How do you function when you've been told that there is no hope for your mother? When you know that from now on the cancer will only grow, and spread?

I keep telling myself this is happening. I keep trying to understand. But I don't. It's been one year and three months. And I still don't understand it. I don't believe this is happening to us. Because it can't be. It just can't be.

We're at that point

They are stopping all treatments. They are just making her feel bad without actually doing anything. I didn't think we'd get to this point today. I don't think anyone of us did. She's been having good weeks lately. So while I think we weren't expecting good news. We weren't expecting this.

My mum said: "So now we just have to wait."
My response was: "No mum. Now we have to live."

They kept telling us that one day we would get to this point. I just couldn't quite believe that we would.

2014-09-15

Ten years

Today, ten years ago, a close friend of mine passed away from a benign brain tumor. That was when I learned that 'benign' did not mean 'nothing to worry about'. It's also the first time I understood what tumors entailed. And it was when a darkness I had never known before entered my life. I still carry so many scars from that day, and the months that followed. But I've fought hard to stop them from being open wounds. The 15th of every month used to be a struggle. Today I feel more sad than dark. I wonder what kind of an amazing woman she would have been. I miss you Effie. I carry you with me everywhere. And don't think for a minute that I've forgotten about you.

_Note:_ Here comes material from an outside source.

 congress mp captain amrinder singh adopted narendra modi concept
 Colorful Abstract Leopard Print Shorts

Tomorrow we're going to the hospital for my mum's regular three month check up. We see the oncologist and he gives us a status report. I don't think any of us are expecting to hear anything but bad news. Life is a struggle. And it doesn't get easier. It's always terrifying going for these checks. After, no matter what the news, we can relax and push on for another three months. It means we've survived another three months and are ready for the next ones.

I'm sleeping in my room at my parents house. I need the comfort of being close. Being home. I love my flat. But on nights like these there's no other place I can be.

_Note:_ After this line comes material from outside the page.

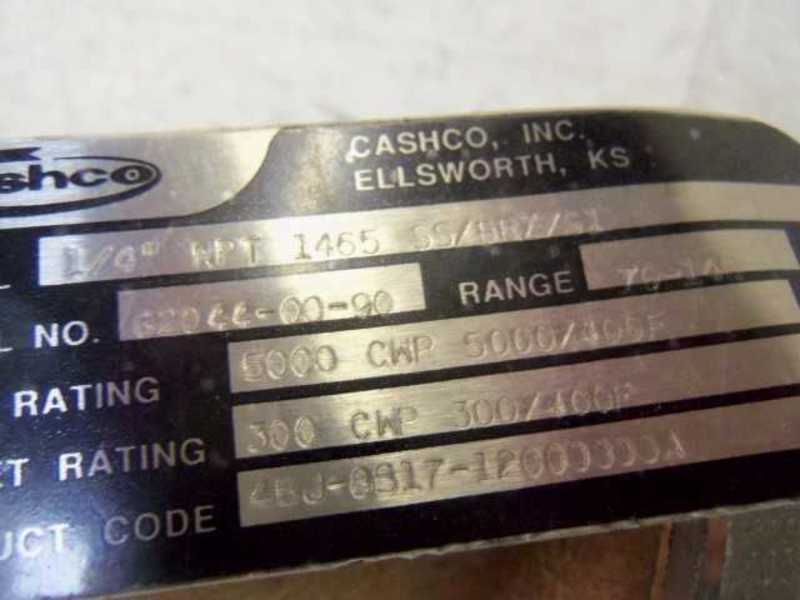 CASHCO 1/4" NPT 1465 SS/BRZ/S1  UNMP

Ten years. And I'm back in the hell I was in then. It's strange though. This time it's so much closer. But I'm not as dark. But trust me. It's a constant battle to not go down that road and embrace the dark that was my best friend for so long.

2014-09-11

Remember to breathe

I've been so busy lately with getting my apartment sorted that I haven't had much time to think. Which in a way is very good. And has been quite nice. But it's still around me. And I don't really know how to feel. Lately I've been feeling guilty because I've been almost happy over the last weeks. Saw my English friends for a week in Italy. Followed by moving. So much happiness and joy. I've barely thought about cancer. And death. And darkness. So instead I've been feeling guilty. Which I know is crazy. Because of course I'm allowed some happiness. So whenever I've been feeling guilty I've pushed it away. Tried to shake it off. It generally works. But I also have to remember to let myself feel. To remember to breathe. It's okay to feel. It's okay to fall apart. And it's okay to have moments of joy.

2014-09-08

My own refuge

Yesterday I oficially moved into my own flat. My little piece of heaven. Which so far is pretty empty. But it has the essentials. A bed. A sofa. Working wifi. Small dining table. Couple of chairs. Close to work. And best of all? It's all mine, and only mine. And my landlords. But that's not important. Currently, it's mine. And I love it. I feel like I can breathe again.

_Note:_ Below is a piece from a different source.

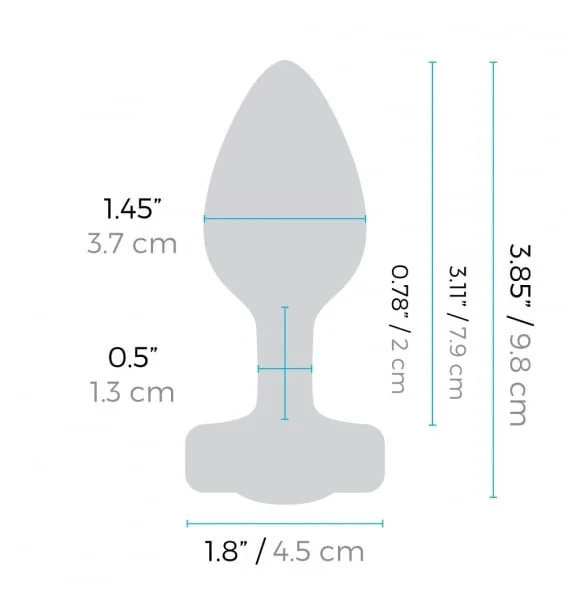 b-Vibe - Vibrating Jewel Anal Plug With Remote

I lived at my parents house for just over a year. I can't belive it's been that much time. Most of my stuff is still there. Moving a little bit each day now. And it will be home for a long time still. But now this is home too. Which is great. And lovely. And amazing. And so so needed. I need a place where I can fall apart. Where I can be happy. Where I can feel all my emotions out in the open. A place that isn't tainted by disease. I make my parents house seem horrible. It isn't. It's my favourite place in the whole world. But so is this. And it will just get better and better as I keep putting my mark on it.